Vietnam’s public debt hit the lowest since 2015 at 58.4% of the GDP as of the end of 2018, much lower than the projection of 63.9% made by the Ministry of Planning and Investment (MPI) last August, according to the Ministry of Finance (MoF).
According to the MoF, the government debt in 2018 stood at 50% of the country’s GDP, government guaranteed-debt at 7.9%, foreign debt at 46% and provincial government debt at 0.5%.
All the figures are within the limit and lower than the national financial plan in the 2016 – 2020 period, stated the MoF in its report to the National Assembly (NA).

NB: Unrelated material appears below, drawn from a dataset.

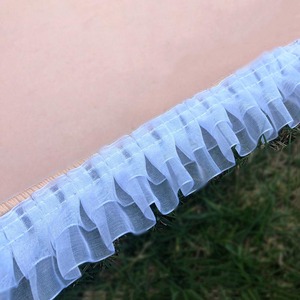 Vestiti da 4cm per cucire in tessuto Organza a 2 strati lavorati a maglia fai da te <span class=keywords><strong>abiti</strong></span> decorativi in pizzo plissettato in Tulle - Product Image 3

The NA’s Finance-Budget Committee attributed the lower debt public ratio to government’s tightened state budget overspending and ongoing debt restructuring efforts that helped ensure the state’s repayment capacity and relieve pressure on public debt compared to previous periods.
In 2018, the MoF reduced the amount of outstanding government bonds amid growing volatility of monetary and foreign exchange markets.

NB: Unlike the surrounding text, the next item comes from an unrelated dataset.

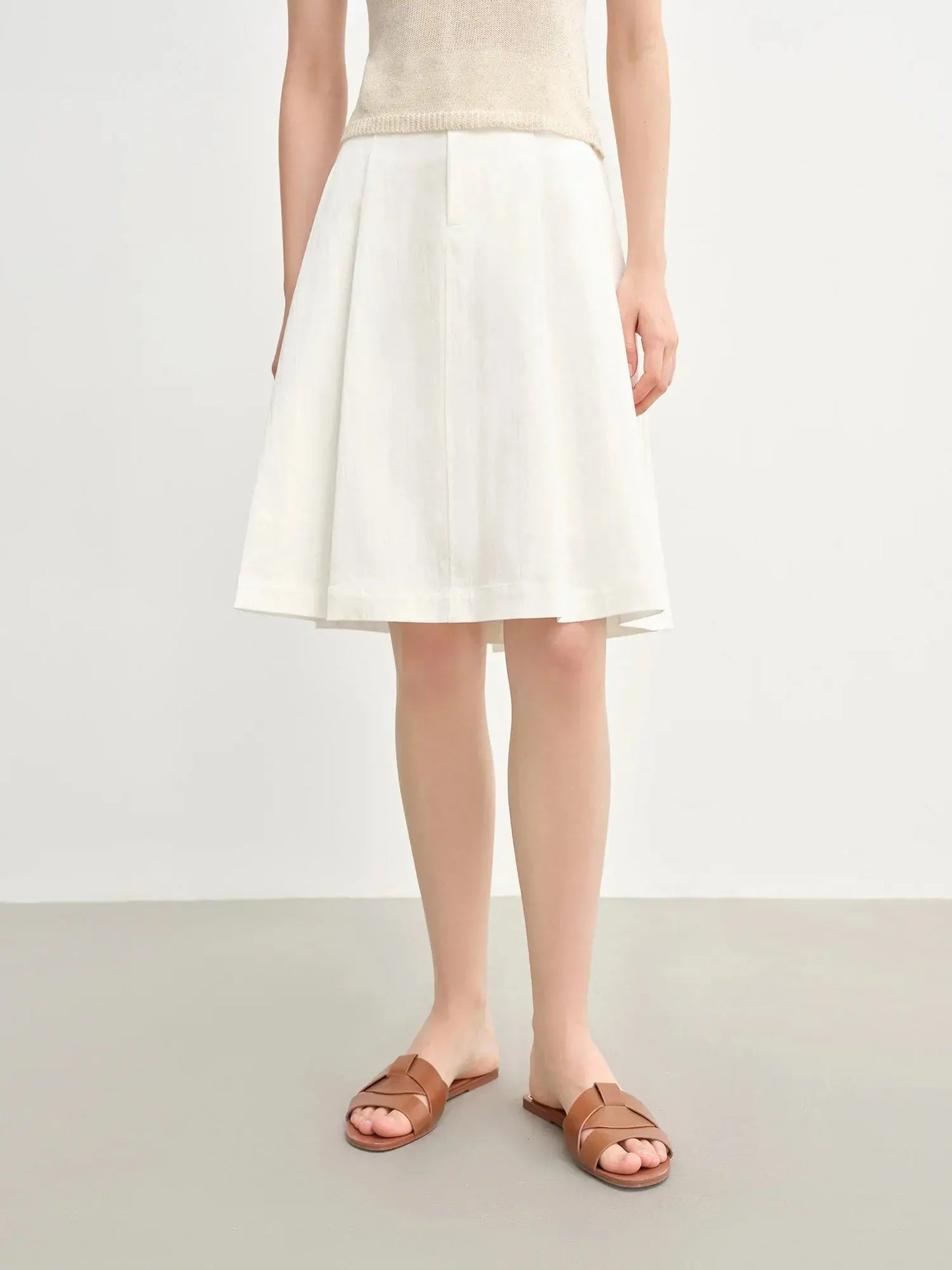 Chic French Style Pleated Mini Skirt - Loran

Additionally, the average maturity of the government bonds was extended to 12.7 years, while more than 90% of the government bonds have over 10 years in maturity.
The MoF also stressed the ODA would not be used for inefficient projects and in fields where Vietnam has mastered the technologies.
Vietnam’s state budget overspending down VND12.5 trillion (US$534.4 million) against the MoF’s previous report to VND191.5 trillion (US$8.18 billion) as of the end of 2018, equivalent to 3.46% of the GDP – lower than the NA’s estimate of 3.7% of GDP.
Last August, Vietnam’s public debt was projected by the MPI to reach VND3,530 trillion (US$152.34 billion) or 63.92% of GDP by the end of 2018, up from the previous rate of 61.3% in 2017.
The ministry’s projection for public debt is based on assuming the average economic growth rate of 6.53%, equivalent to nominal GDP of VND5,530 trillion (US$238.54 billion) and inflation rate staying below 4%.